Through Newnham's principal Pernel Strachey, sister of Lytton Strachey, she met Edith Sitwell and Virginia Woolf, who would later call her first novel Virginia Water (1929) "a sweet white grape of a book". Positive reviews for the novel led to a deal with Victor Gollancz Ltd to publish three more books.
Her 1934 novel Harriet, about a woman whose relatives attempt to starve her to death to get to her inheritance, won the Prix Femina. The novels Doubtful Joy followed in 1935 and The Phoenix' Nest in 1936. Other novels include Robert and Helen (1944) and The Tortoise and the Hare (1954). The latter book, about a marriage that was deeply troubled despite surface appearances, was praised by Hilary Mantel of The Sunday Times as showing that Jenkins "seems to know a good deal about how women think and how their lives are arranged".
Jenkins published biographies of Lady Caroline Lamb in 1932 and of Jane Austen in 1938. She was involved in the establishment of the Jane Austen Society in 1940 and worked to purchase Austen's home in Chawton where she wrote Emma and other novels, and which later became the site of Jane Austen's House Museum.
Her 1958 biography Elizabeth the Great "showed her biographical talents at their most effective" and provided what The New York Times called "a psychological dimension to her portrait that other historians had scanted", an attribute that could also be seen in her 1960 book Joseph Lister. A. L. Rowse said that her biography of Elizabeth I "got nearer to penetrating the secret of the most remarkable woman in history than any other". In her 1961 book Elizabeth and Leicester, Jenkins presented her hypothesis that the violent ends of Anne Boleyn and Catherine Howard had made Elizabeth unable to establish a full sexual relationship with Robert Dudley, 1st Earl of Leicester, because she associated sex with death.
Her 1972 book Dr. Gully's Story, Jenkins' favourite, retold the story of the 19th-century physician James Manby Gully, whose affair with Florence Bravo, and the subsequent poisoning death of her husband Charles Bravo, led to never-proven suspicions that Gully had committed murder.

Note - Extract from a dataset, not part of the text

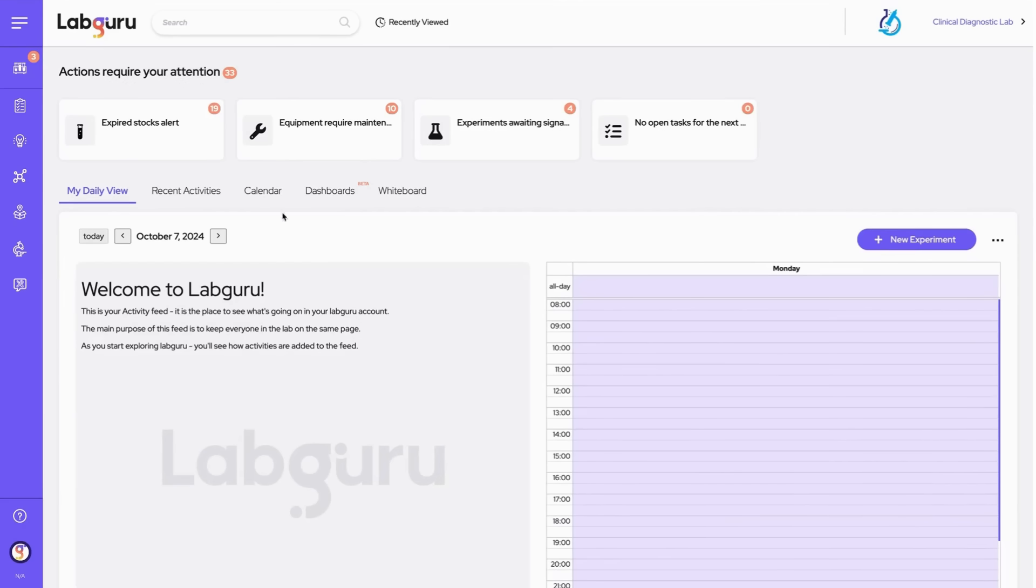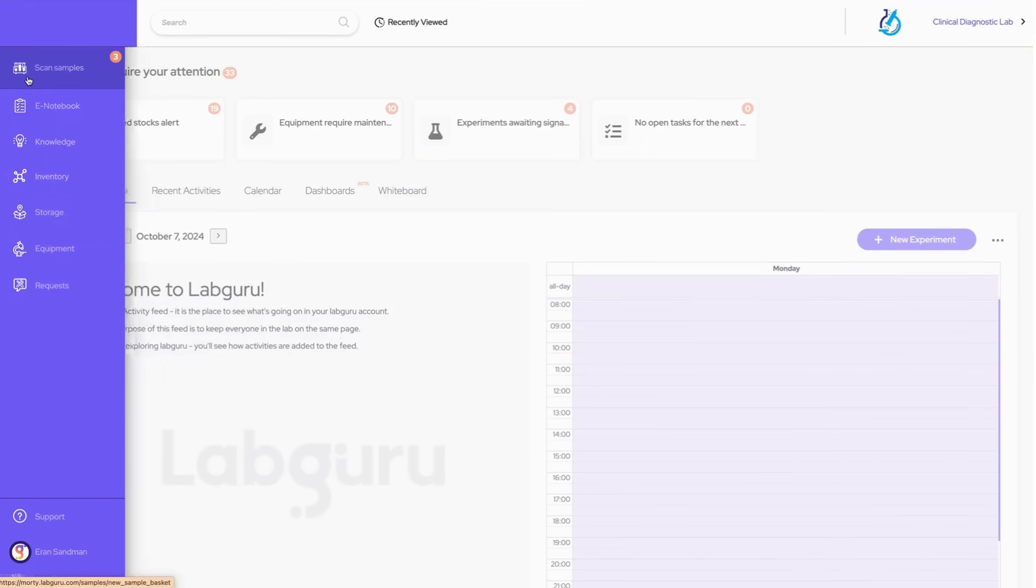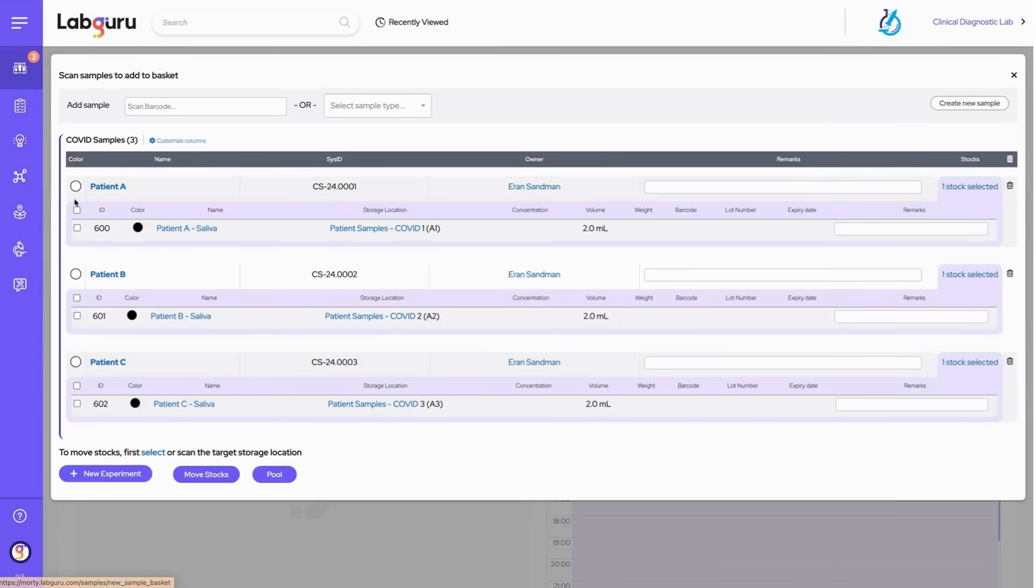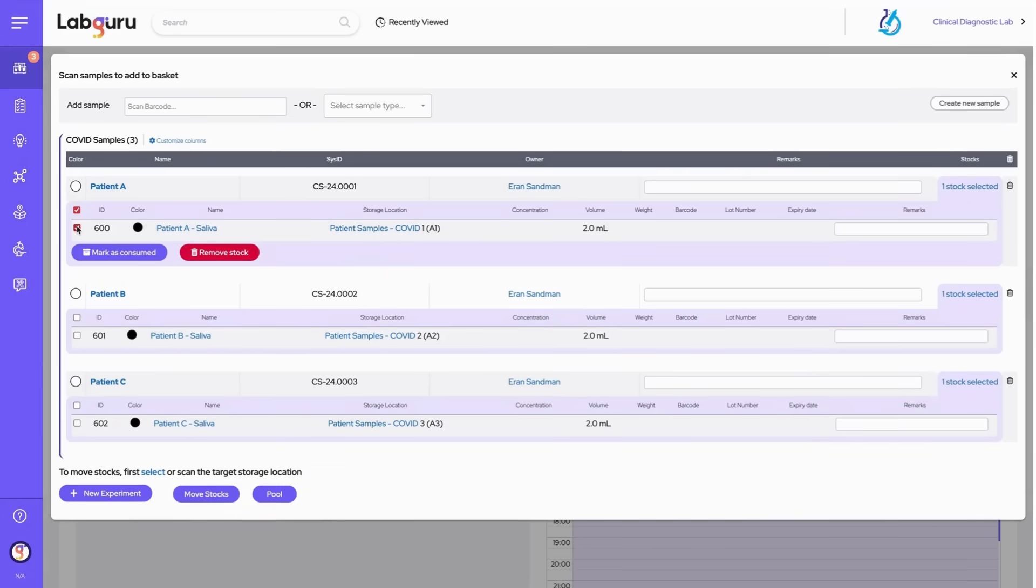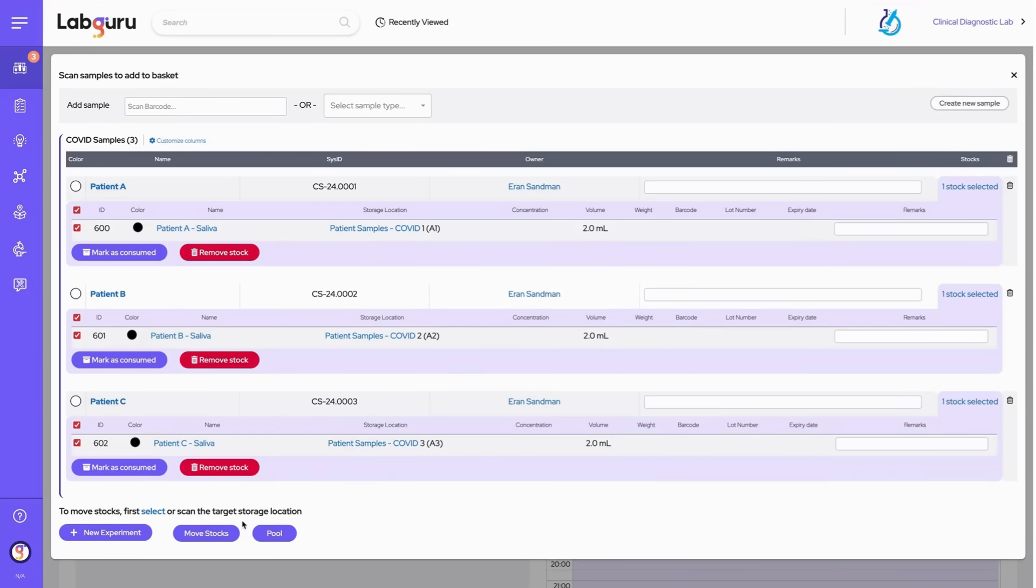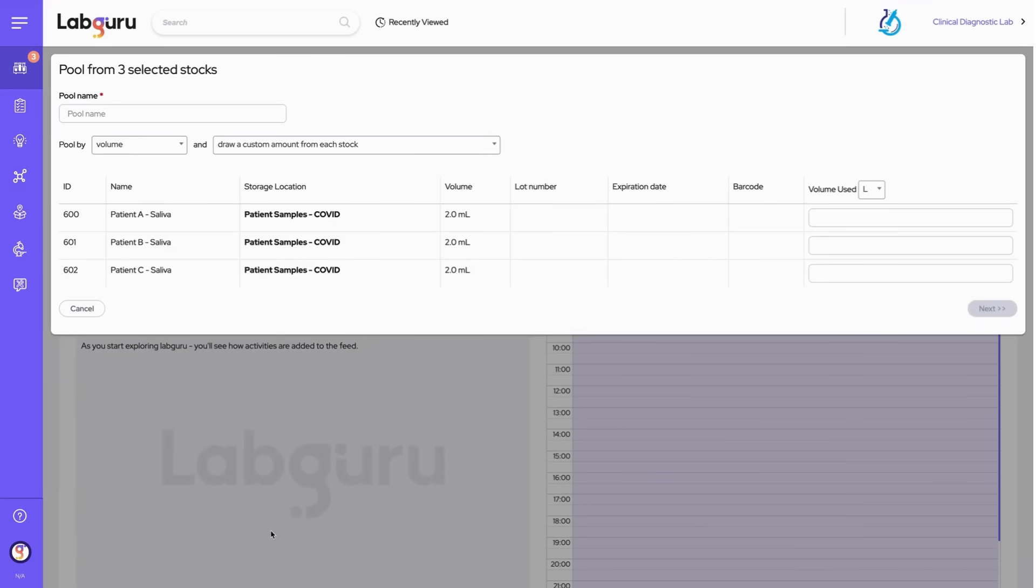Let's begin our demonstration in the sample basket. We select the samples that we would like to pool. After Labguru gathers the selected stocks, we begin the process of combining them into one.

In all, Jenkins wrote a dozen novels and a dozen biographies. Her 2004 memoir The View from Downshire Hill recounted her decades of living in a Regency architecture home she bought in Hampstead. She moved into the house in 1939 and decorated it with Regency style furniture that she had acquired inexpensively in the years following World War II from period houses that had been damaged during the war. She would later say that, based on her decor, "people assumed I was comfortably off, instead of being very hard up".